A lot of Indian entrepreneurs are starting their entrepreneurship journey with really bad ideas.

And you know what? Bad ideas produce bad (read unfundable) businesses.

So what shall we do? Ignore these entrepreneurs?

Well, that’s what the VCs sitting with piles of cash in India are doing.

I think, however, many great entrepreneurs have all the attitudinal attributes early on, but simply haven’t had enough business experience to know what problems to go after. I know, because during my first venture, I did not have a brilliant idea.
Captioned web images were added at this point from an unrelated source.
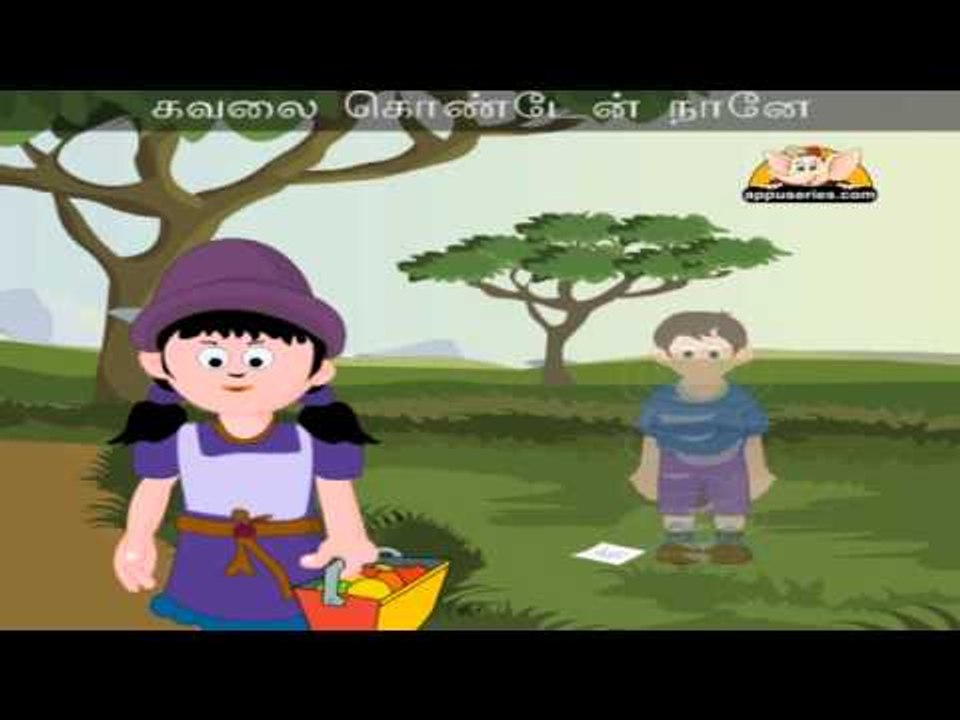 Ammavukku Kadidham - Nursery Rhyme with Lyrics & Sing Along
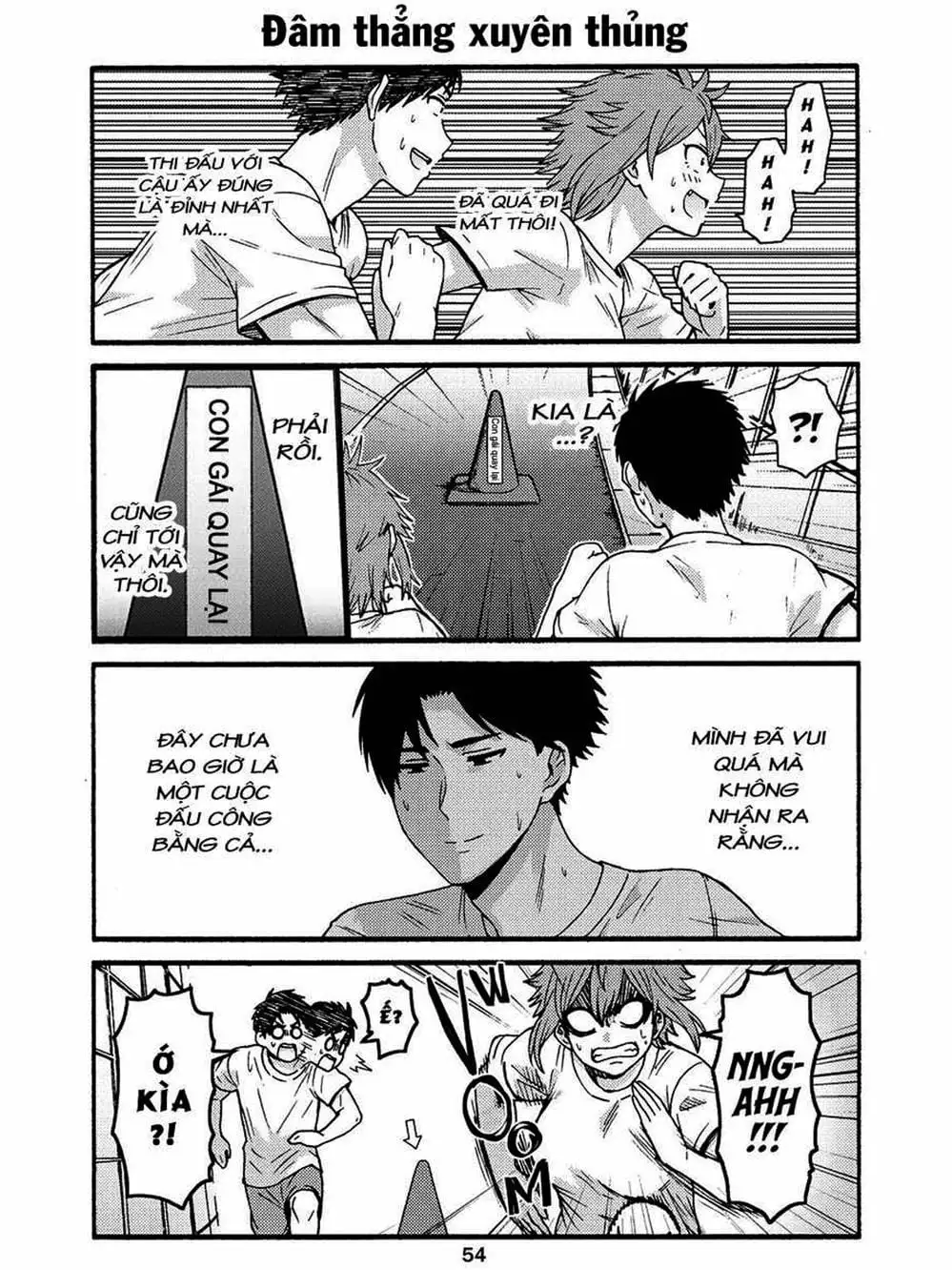 Truyện Tranh Tomo-Chan Là Một Cô Gái! trang 3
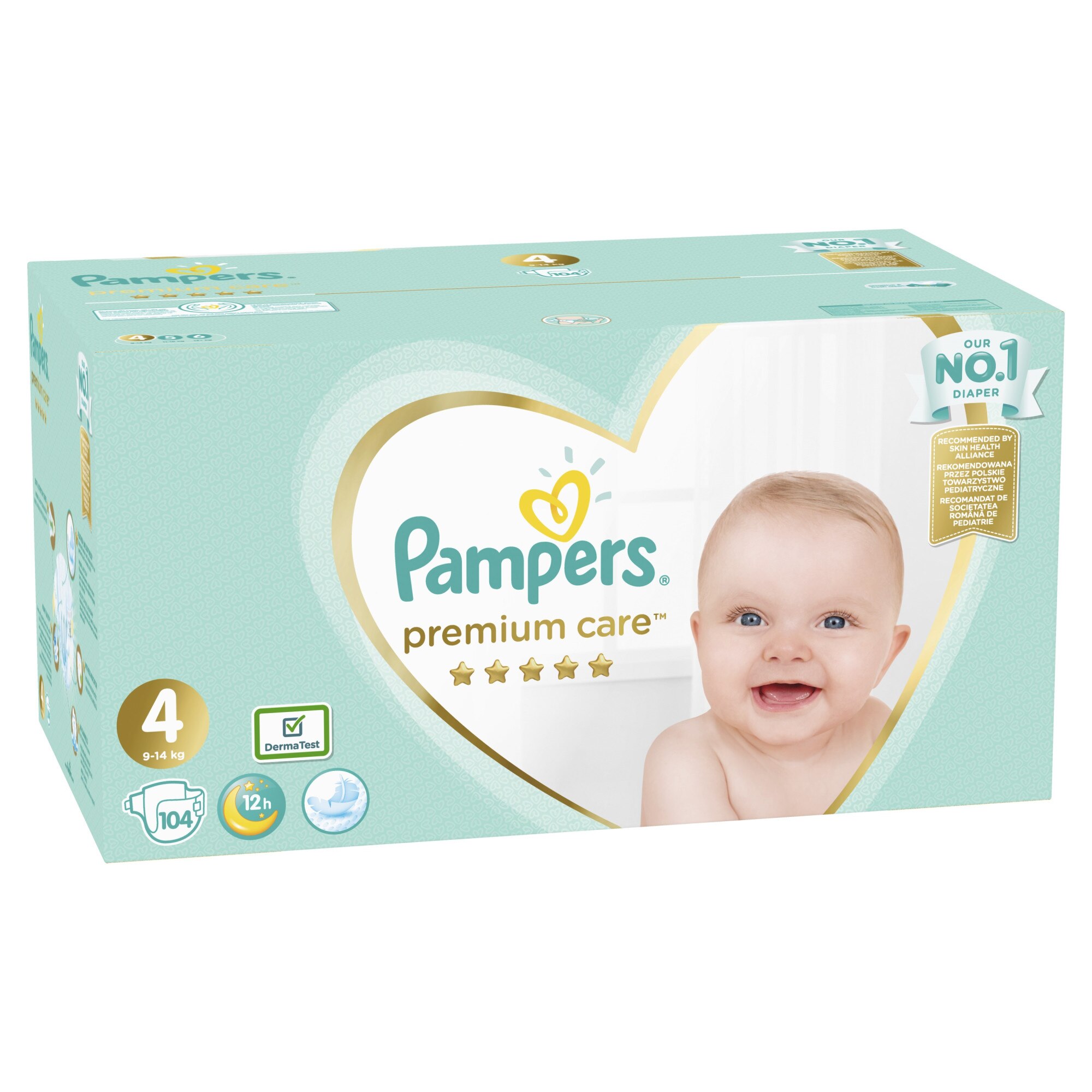 emag pampers premium care 4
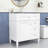 Embrulla 30" Modern Bathroom Vanity with Ceramic Top Sink and Storage Cabinet-397164144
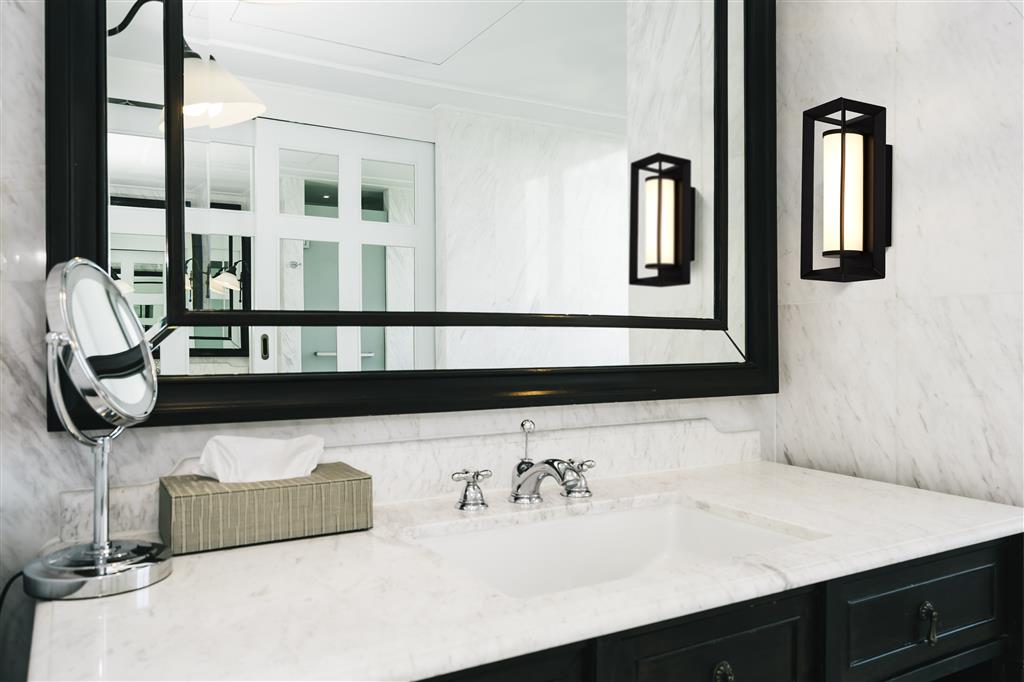Chaplin Small/Large Bathroom Wall Light IP44 - Black Metal & Opal Acrylic/ Black Metal & Opal Acrylic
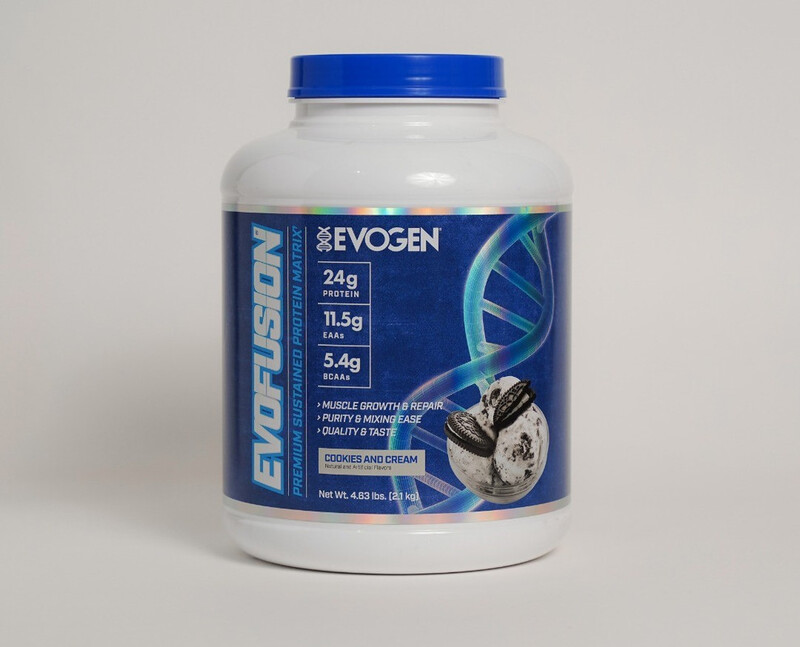 Evogen Evofusion 4.63 Lbs Cookies and Cream Flavor 60 Serving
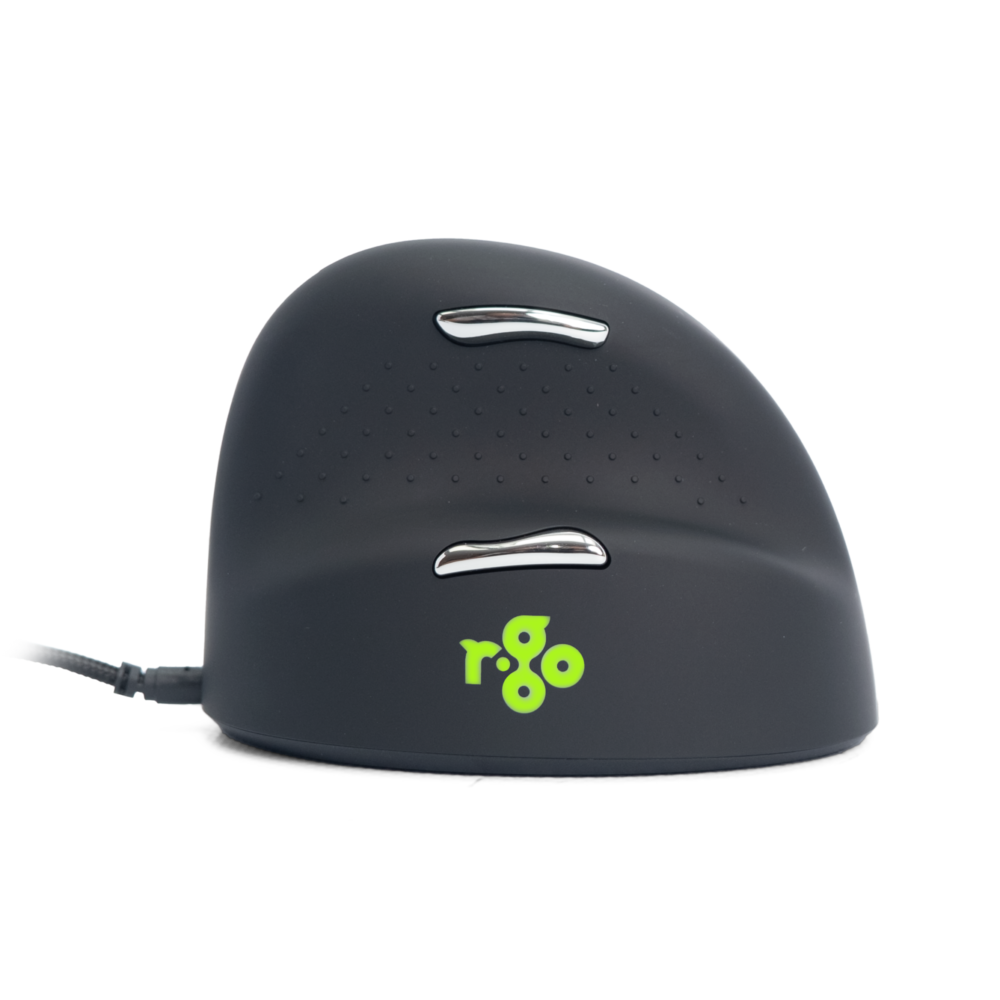 R-Go HE Break Mouse - Medium - Right - Wired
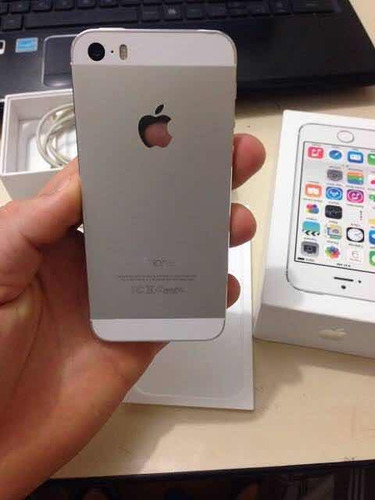 iPhone 5s Prata E Branco 32 Gigas - Envio Emediato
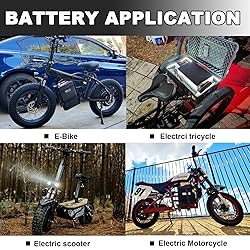 BtrPower 72V Battery 20AH LiFePO4 Ebike Battery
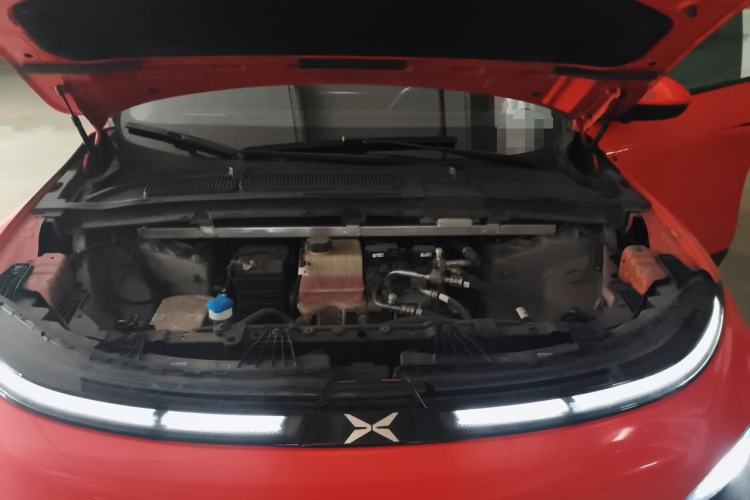 Used XPeng G6 2023 580 Long-Range Pro Engine Bay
But I had energy, courage, leadership skills, voracious learning capacity, huge creativity, risk tolerance, … the market related stuff I learned later.

This is why, I strongly believe that putting a bunch of young entrepreneurs with those attitudinal skills in an incubator, under some systematic mentoring from someone who knows what (s)he is doing, would potentially develop a pool of great serial entrepreneurs.

In doing so, often, the original “idea” with which the entrepreneur started, may need to be thrown out of the window, to be replaced by something more “viable”, perhaps developed under “adult supervision”. However, I wouldn’t throw out the baby with the bathwater.

I strongly feel that my specs for an Incubator Fund would include what Dave calls an Idea Crucible.

Related reading:

* Indian Incubator Fund: Specs (Part 1)
* Indian Incubator Fund: Specs (Part 2)
* Concept Arbitrage (This series, lately, has become more about ideas and opportunities that I notice, and would like to see some of you, entrepreneurs, take up.)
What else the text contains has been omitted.